Echappent également à l’application de l’article L. 442-1, II du code de commerce les relations pour lesquelles la durée du préavis est spécialement réglementée, comme le contrat d’agence commerciale (article L. 134-11 du code de commerce) ou celui du transport relevant de la LOTI (Cour de cassation, chambre commerciale, 22 septembre 2015, n°13-27.726 : « […] l’article L. 442-6, I, 5°, du code de commerce ne s’applique pas à la rupture des relations commerciales de transports publics routiers de marchandises exécutés par des sous-traitants lorsque le contrat-cadre liant les parties se réfère expressément au contrat type institué par la LOTI, qui prévoit en son article 12.2 la durée des préavis de rupture »).
De même, les conditions dans lesquelles les liens unissant une société coopérative de commerçants détaillants et un associé peuvent cesser sont régies par les dispositions légales propres aux coopératives et ne relèvent pas de l’article L442-6 I 5° du code de commerce (Cour de cassation, chambre commerciale, 8 février 2017, n°15-23.050 ; Com., 18 octobre 2017, n°16-18.864 ; Com., 16 mai 2018, n°17-14.236).

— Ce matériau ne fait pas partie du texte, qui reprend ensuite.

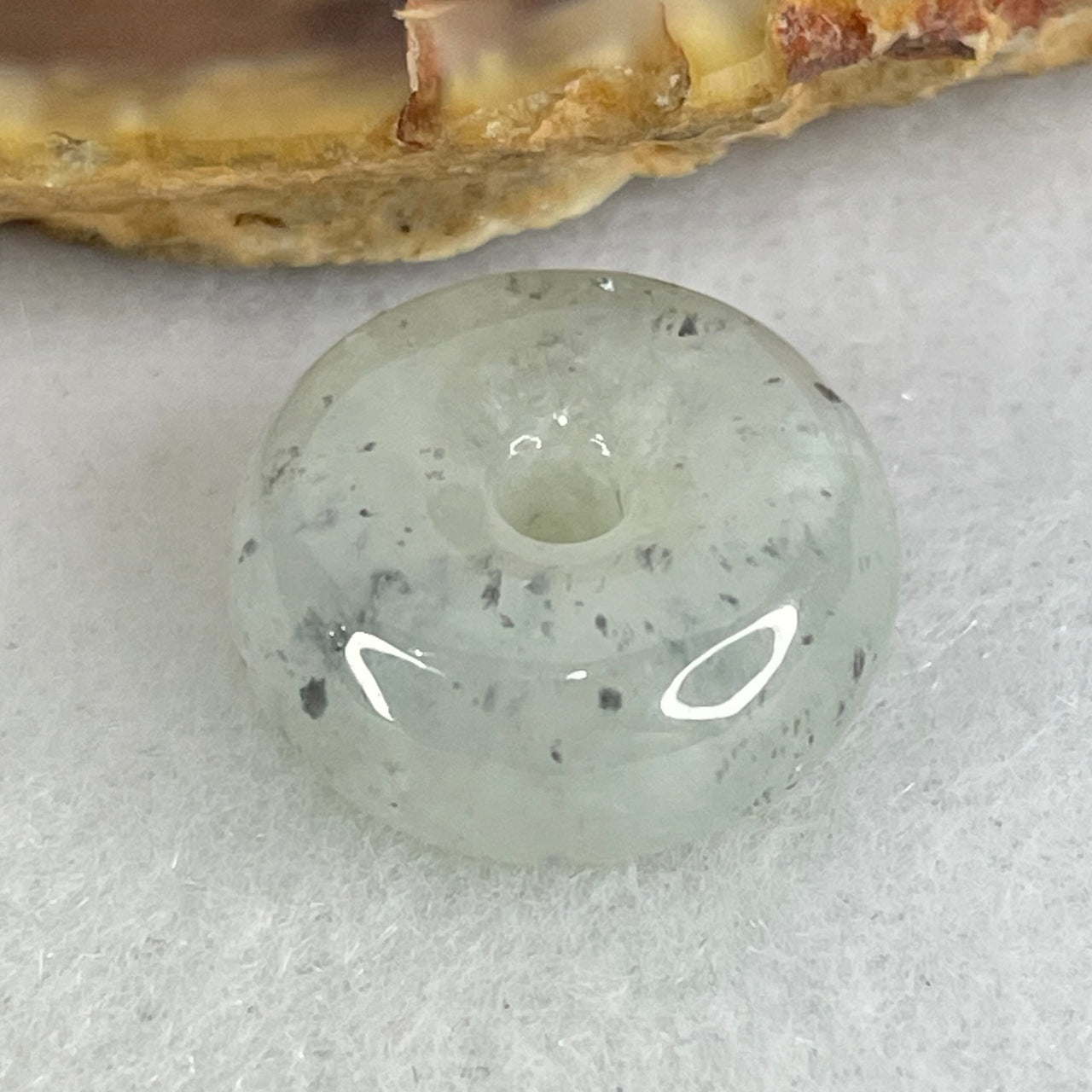 Type A Semi Icy Wuji Grey Spots Jadeite Ping An Kou Charm/Pendant 3.28g 15.0 by 6.8mm - Huangs Jadeite and Jewelry Pte Ltd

Mais les conditions dans lesquelles il peut être mis fin au lien d’affaires entre une société coopérative de commerçants détaillants et ses adhérents sont soumises aux dispositions de l’article L. 442-1, II du Code de commerce (Cour d’appel de Paris, 6 novembre 2019, n°17/13200 ; Cour d’appel de Paris, 1er décembre 2021, n°17/13200).
En revanche, la Cour de cassation a précisé, à propos du contrat de gérance- mandat, pour lequel le régime légal institué par les articles L. 146-1 et suivants du code de commerce « ne règle en aucune manière la durée du préavis à respecter », que la disposition sur la rupture brutale des relations commerciales établies a vocation à s’appliquer (Cour de cassation, Chambre commerciale, 2 octobre 2019, n°18-15676).
Il en va de même de la relation entre un architecte indépendant et une agence (Cour de cassation, Chambre commerciale, 16 décembre 2008, n°07-18.050).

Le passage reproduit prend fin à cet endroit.